[Records drawn from a dataset]
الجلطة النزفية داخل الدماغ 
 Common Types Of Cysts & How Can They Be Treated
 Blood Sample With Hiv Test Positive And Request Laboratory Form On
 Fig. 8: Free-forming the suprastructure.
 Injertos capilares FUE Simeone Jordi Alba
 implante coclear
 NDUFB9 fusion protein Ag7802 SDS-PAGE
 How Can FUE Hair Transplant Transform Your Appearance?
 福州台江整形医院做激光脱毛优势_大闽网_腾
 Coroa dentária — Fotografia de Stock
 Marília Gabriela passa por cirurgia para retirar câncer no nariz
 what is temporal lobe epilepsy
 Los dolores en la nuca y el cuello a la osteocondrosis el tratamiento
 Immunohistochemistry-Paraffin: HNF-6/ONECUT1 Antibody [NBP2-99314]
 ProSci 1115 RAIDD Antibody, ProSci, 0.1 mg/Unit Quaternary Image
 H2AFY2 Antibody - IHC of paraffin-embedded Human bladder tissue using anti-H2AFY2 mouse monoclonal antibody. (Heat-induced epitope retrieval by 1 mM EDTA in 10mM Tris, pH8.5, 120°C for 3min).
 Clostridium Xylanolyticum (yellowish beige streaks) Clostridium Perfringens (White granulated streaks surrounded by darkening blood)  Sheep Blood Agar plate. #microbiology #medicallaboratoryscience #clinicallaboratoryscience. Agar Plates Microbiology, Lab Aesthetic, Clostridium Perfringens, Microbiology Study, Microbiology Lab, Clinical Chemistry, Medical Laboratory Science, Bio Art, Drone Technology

■ **Required action**
The records are given above. Copy each line in them that holds "Blood".

■ **Response for this exercise**
 Blood Sample With Hiv Test Positive And Request Laboratory Form On
 Clostridium Xylanolyticum (yellowish beige streaks) Clostridium Perfringens (White granulated streaks surrounded by darkening blood)  Sheep Blood Agar plate. #microbiology #medicallaboratoryscience #clinicallaboratoryscience. Agar Plates Microbiology, Lab Aesthetic, Clostridium Perfringens, Microbiology Study, Microbiology Lab, Clinical Chemistry, Medical Laboratory Science, Bio Art, Drone Technology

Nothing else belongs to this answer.